Work required
Extract each line of the records below that contains the word "Black".

Saved data entries
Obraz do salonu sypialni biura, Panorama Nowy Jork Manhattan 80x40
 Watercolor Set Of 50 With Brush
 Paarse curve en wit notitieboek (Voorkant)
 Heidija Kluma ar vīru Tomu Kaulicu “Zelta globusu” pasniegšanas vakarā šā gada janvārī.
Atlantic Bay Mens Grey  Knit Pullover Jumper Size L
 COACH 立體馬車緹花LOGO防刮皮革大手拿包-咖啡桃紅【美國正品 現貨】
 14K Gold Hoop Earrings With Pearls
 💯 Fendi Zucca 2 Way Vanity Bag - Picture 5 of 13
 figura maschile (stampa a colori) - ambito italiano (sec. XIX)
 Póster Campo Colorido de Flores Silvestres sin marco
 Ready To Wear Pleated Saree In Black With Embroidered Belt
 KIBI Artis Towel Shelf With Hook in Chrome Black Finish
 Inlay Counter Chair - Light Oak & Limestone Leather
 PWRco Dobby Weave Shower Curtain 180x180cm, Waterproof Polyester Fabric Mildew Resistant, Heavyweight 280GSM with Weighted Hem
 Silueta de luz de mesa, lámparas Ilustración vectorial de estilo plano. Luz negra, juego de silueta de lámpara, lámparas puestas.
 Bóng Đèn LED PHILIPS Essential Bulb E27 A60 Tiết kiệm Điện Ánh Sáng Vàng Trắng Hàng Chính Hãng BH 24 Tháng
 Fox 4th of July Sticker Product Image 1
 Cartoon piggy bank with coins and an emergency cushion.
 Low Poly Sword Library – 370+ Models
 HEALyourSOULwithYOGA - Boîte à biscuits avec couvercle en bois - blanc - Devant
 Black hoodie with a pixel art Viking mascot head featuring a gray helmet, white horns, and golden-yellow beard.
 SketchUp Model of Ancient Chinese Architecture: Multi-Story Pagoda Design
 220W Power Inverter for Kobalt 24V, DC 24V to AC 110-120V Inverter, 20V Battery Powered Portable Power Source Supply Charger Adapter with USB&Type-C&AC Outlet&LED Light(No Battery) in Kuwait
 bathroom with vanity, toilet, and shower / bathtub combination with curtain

Answer for the task
 Ready To Wear Pleated Saree In Black With Embroidered Belt
 KIBI Artis Towel Shelf With Hook in Chrome Black Finish
 Black hoodie with a pixel art Viking mascot head featuring a gray helmet, white horns, and golden-yellow beard.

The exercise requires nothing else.